None of “School for Scoundrels” is plausible, exactly, but if you can accept the premise of a man teaching wimpy guys to be more aggressive — i.e., to be jerks who lie their way into women’s beds — then you can probably buy most of what happens. At least until the last 20 minutes or so, when it goes off the rails entirely and Ben Stiller is plotting revenge against the man who raped him. The movie intends this to be comical.

Forget Stiller, though; he only has a cameo. Our stars in this fratboy fracas are Jon Heder (still playing Napoleon Dynamite) and Billy Bob Thornton (still playing the guy who swears a lot and doesn’t give a crap about anything). Heder plays Roger, a timid New York City parking enforcement officer who pines for Amanda (Jacinda Barrett), the pretty Australian girl who lives in his building but whom he can never work up the courage to talk to. On a tip from a friend, he signs up for a class taught by Dr. P (Thornton) in which the spineless participants are taught how to woo women: lie to them, pretend to relate to them, do things to impress them, and so on.

Roger takes to this better than you’d think — better than he should, actually, which is a flaw in the film (written by Todd Phillips and Scot Armstrong and directed by Phillips). Dr. P gives everyone pagers and says that when they get an alert, they are to start a confrontation with someone immediately.
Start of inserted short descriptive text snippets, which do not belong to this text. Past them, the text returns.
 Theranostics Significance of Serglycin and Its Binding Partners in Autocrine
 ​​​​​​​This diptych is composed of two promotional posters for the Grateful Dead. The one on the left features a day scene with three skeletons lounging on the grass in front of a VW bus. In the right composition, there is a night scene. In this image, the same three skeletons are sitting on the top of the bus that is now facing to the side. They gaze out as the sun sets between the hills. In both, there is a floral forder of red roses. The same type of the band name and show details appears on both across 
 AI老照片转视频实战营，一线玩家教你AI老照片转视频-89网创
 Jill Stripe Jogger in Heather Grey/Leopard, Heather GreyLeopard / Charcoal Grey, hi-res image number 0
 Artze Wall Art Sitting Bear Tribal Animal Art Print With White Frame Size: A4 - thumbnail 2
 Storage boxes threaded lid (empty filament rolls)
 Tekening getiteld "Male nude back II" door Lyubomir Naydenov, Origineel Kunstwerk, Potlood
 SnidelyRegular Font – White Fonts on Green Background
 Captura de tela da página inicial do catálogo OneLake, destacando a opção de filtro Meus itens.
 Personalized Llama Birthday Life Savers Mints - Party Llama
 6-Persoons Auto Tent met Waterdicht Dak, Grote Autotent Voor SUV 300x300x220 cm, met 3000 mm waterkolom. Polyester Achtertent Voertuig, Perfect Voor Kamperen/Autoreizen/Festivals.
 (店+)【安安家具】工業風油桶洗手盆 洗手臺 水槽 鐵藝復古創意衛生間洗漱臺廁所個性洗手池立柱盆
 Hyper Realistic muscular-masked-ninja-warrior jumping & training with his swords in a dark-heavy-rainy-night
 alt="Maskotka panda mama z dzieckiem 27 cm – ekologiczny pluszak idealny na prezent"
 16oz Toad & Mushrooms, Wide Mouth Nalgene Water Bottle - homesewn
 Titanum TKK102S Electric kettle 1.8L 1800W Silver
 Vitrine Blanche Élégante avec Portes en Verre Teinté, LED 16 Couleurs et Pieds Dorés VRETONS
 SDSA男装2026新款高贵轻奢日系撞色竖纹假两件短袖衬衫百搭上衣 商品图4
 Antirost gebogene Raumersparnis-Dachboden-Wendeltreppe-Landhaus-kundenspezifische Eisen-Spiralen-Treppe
Roger has an idiot coworker who deserves a fight, and Roger gives him one — much too well for someone who the film has already spent so much effort establishing is a complete wuss.

But the film has to get Roger’s jerk capabilities up to speed quickly in order to move to Act 2, wherein Dr. P finds his most gifted student and sets out to undermine him. This is either to spur the student on to even greater heights of excellence by providing him with competition, or it’s because Dr. P is just an a-hole. Whatever the reason, Dr. P and Roger are soon fighting for Amanda’s affections in a most juvenile and petty fashion.

There are laughs scattered throughout the production, many of them reliant upon the comedy inherent in a man being hit in the crotch. Heder and Thornton are both doing the same shtick they’ve been doing regularly the past few years, but they do it well, though Heder’s comparative lack of experience shows through in certain key scenes.

It needs to be more tightly edited, though. I’m talking five seconds here and there. I lost count of how many scenes reached logical, smart endings … and then lingered several seconds longer while someone still in the scene wandered around and continued acting.

Curious, too, is the film’s strange sense of humor. There’s dialogue like this:

“You want a biscotti?”
“No, thanks.”
“I don’t blame you. They’re addictive.”

It’s obviously meant to be a throwaway joke, the kind of thing you chuckle at while the scene moves forward. But it’s not funny. And the film is full of that kind of thing, odd dialogue that has the shape of comedy but no actual comedic content.

Todd Phillips’ work as writer and director has always been uneven (cf. “Old School” and “Starsky & Hutch”), but this is his most uneven yet. The nonsensical finale, where everyone figures out the truth about everyone else through only the tiniest clues, and in which airplane security is apparently still in its 20th-century stages, is just the capper on a fitfully amusing but overall unsatisfying film.

C+ (1 hr., 40 min.; PG-13, a lot of profanity, one F-bomb, mild innuendo.)